In [1]:
from collections import Counter
import re

# Classical Chinese Tutorial -- Counter as an Efficient Way to Do N-Gram

Just found `Counter` is super useful for 1-gram frequency. For example, just input you txt:

reference: https://stackoverflow.com/questions/43473736/most-common-2-grams-using-python

In [2]:
# just insert your string into Counter, it automatically count the 1-gram
input_string = "天命之謂性，率性之謂道，修道之謂教。道也者，不可須臾離也，可離非道也。是故君子戒慎乎其所不睹，恐懼乎其所不聞。莫見乎隱，莫顯乎微。故君子慎其獨也。喜怒哀樂之未發，謂之中；發而皆中節，謂之和；中也者，天下之大本也；和也者，天下之達道也。致中和，天地位焉，萬物育焉。"
one_gram = Counter(input_string)
one_gram.most_common(5) # print most common 5 

[('，', 12), ('之', 8), ('也', 8), ('。', 7), ('謂', 5)]

Of course, you want to get rid of the punctuations.

In [3]:
clean_string = re.sub(r'[，。？：「」；]', '', input_string)
one_gram = Counter(clean_string)
one_gram.most_common(5) # print most common 5 

[('之', 8), ('也', 8), ('謂', 5), ('道', 5), ('天', 4)]

## How About Counting 2-Grams?

Ok, we see one-gram is quite easy, but how about two-grams?  
We can recall our memory about the usage of `zip`. `zip` is quite common if we want to loop over two list parallel in a for loop.
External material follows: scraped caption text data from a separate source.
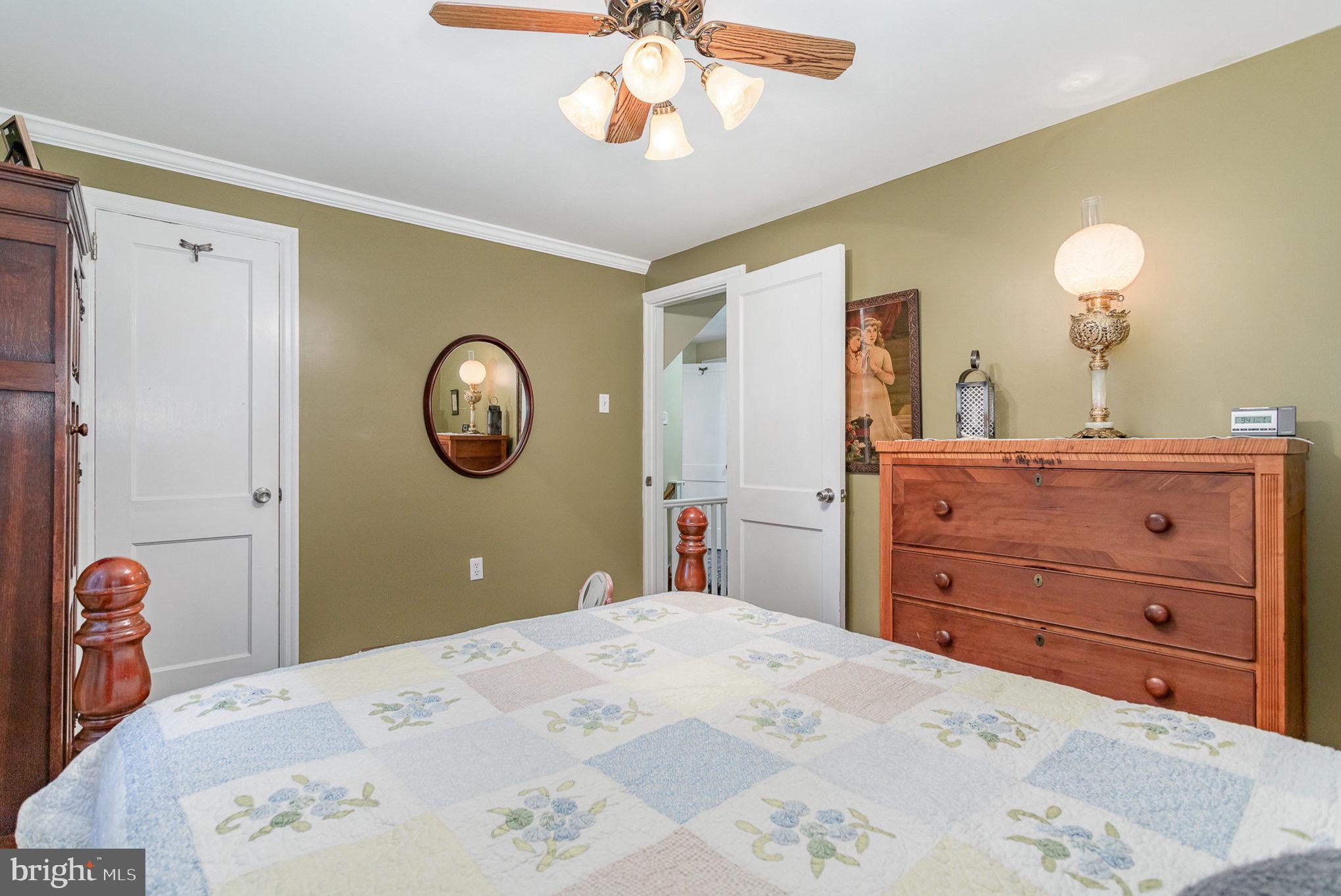 444 South Broad Street Lititz, PA 17543 - Photo 27 of 32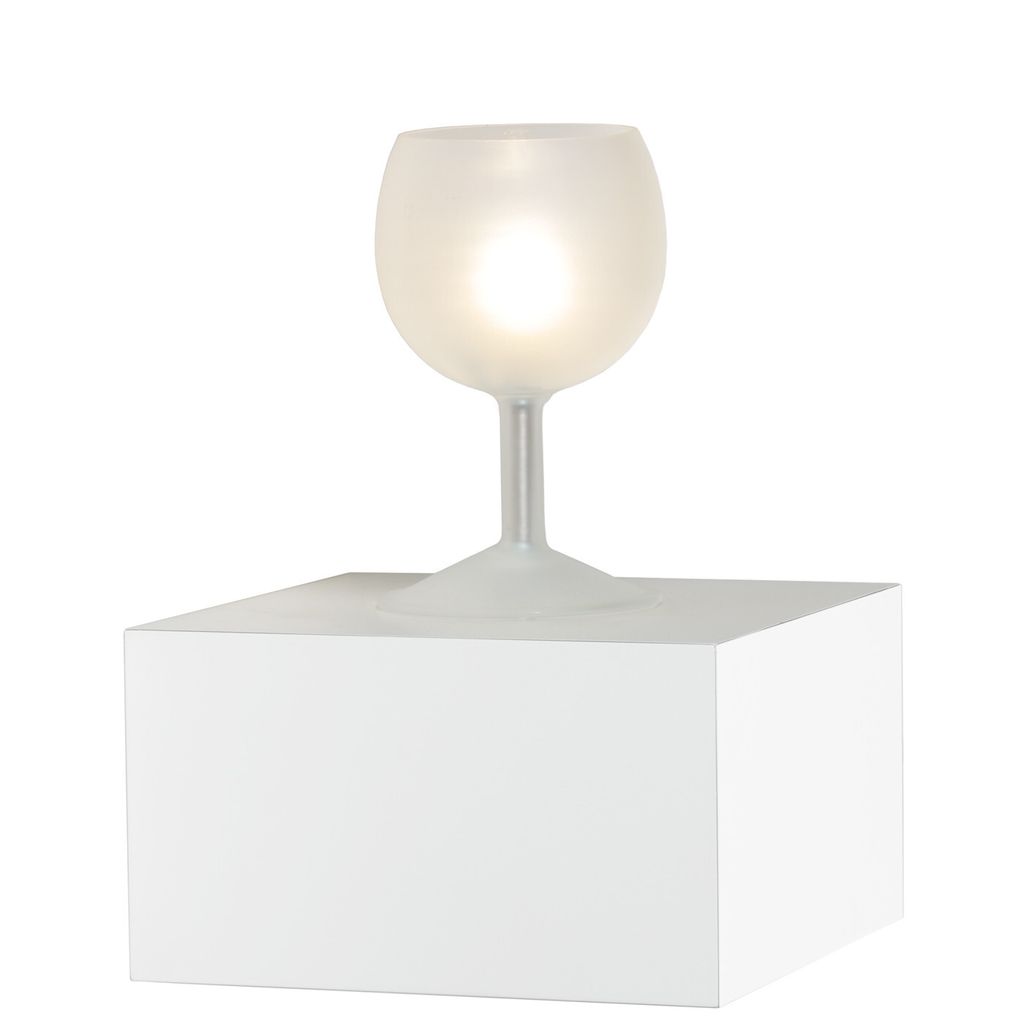 001_anthologie_quartett_wine_light_frei_afcaf5d28c50bae39a6c62ad6bfd782b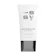 Issy Active Skin Tint SPF 35 1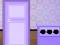 Spel Brill House Escape aanlyn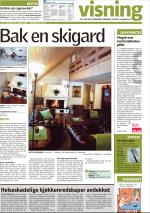 romerikesblad_bolig-20070129_000_00_00_028.pdf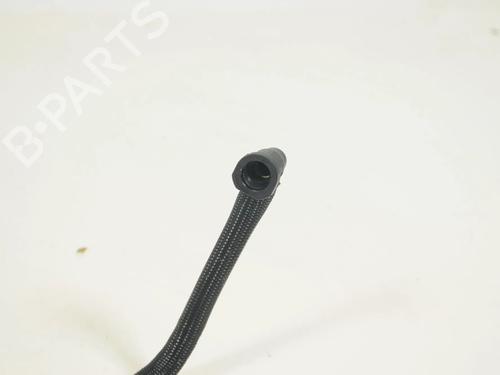 Pipe VOLVO XC90 II (256) T8 Hybrid AWD | BP30257130M125 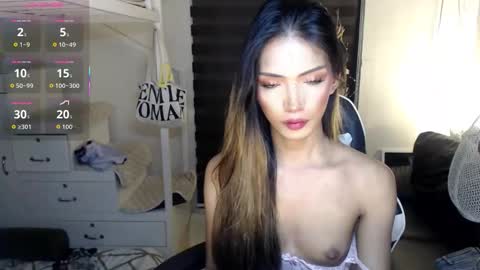 Snapshot of barbie_alawi chatting on September 2025 11:37:01 PM I am Barbie online show from September 2025 11:37:01 PM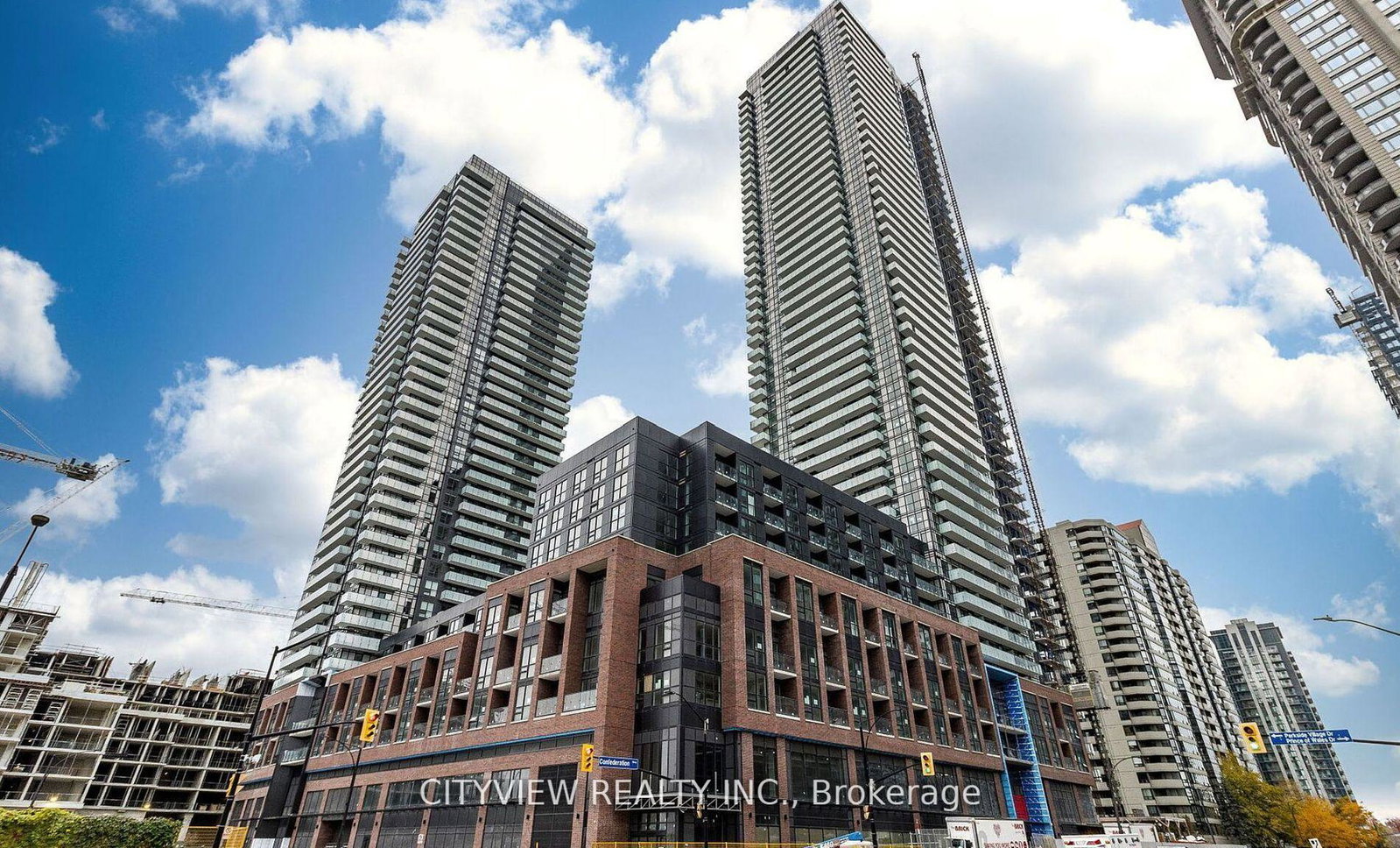 430-square-one-drive-mississauga-ontario-w13667824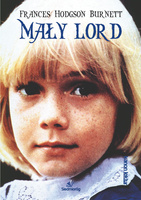 Mały Lord wyd. 2024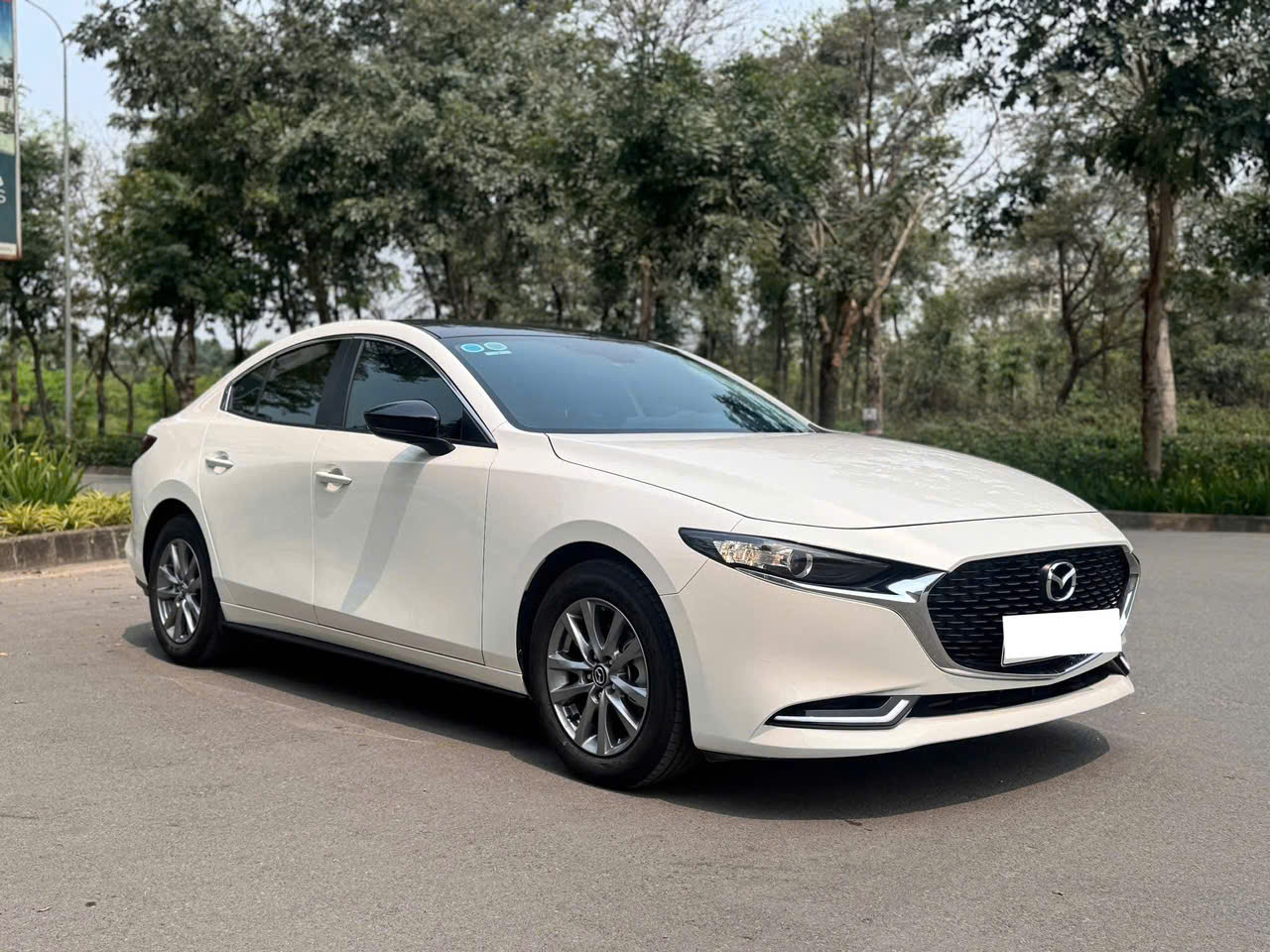 Thuê xe sân bay Cam Ranh về Ninh Thuận an toàn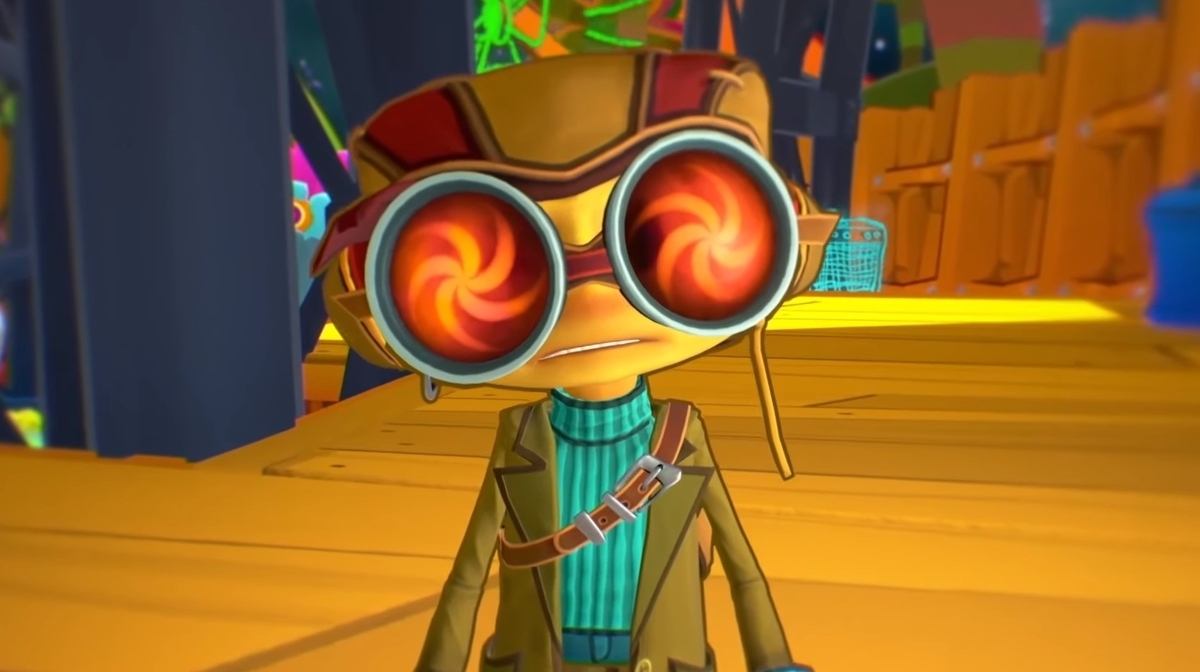 psychonauts 2 pc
We can use it!

In [4]:
# counting two grams using zip
two_gram = Counter(zip(clean_string, clean_string[1:]))
two_gram.most_common(5) 

[(('之', '謂'), 3),
 (('道', '也'), 3),
 (('也', '者'), 3),
 (('故', '君'), 2),
 (('君', '子'), 2)]

Huh, it's neat.

## 3-Grams

Just repeat what we have done...

In [5]:
# counting two grams using zip
three_gram = Counter(zip(clean_string, clean_string[1:], clean_string[2:]))
three_gram.most_common(10) 

[(('故', '君', '子'), 2),
 (('乎', '其', '所'), 2),
 (('其', '所', '不'), 2),
 (('也', '者', '天'), 2),
 (('者', '天', '下'), 2),
 (('天', '下', '之'), 2),
 (('天', '命', '之'), 1),
 (('命', '之', '謂'), 1),
 (('之', '謂', '性'), 1),
 (('謂', '性', '率'), 1)]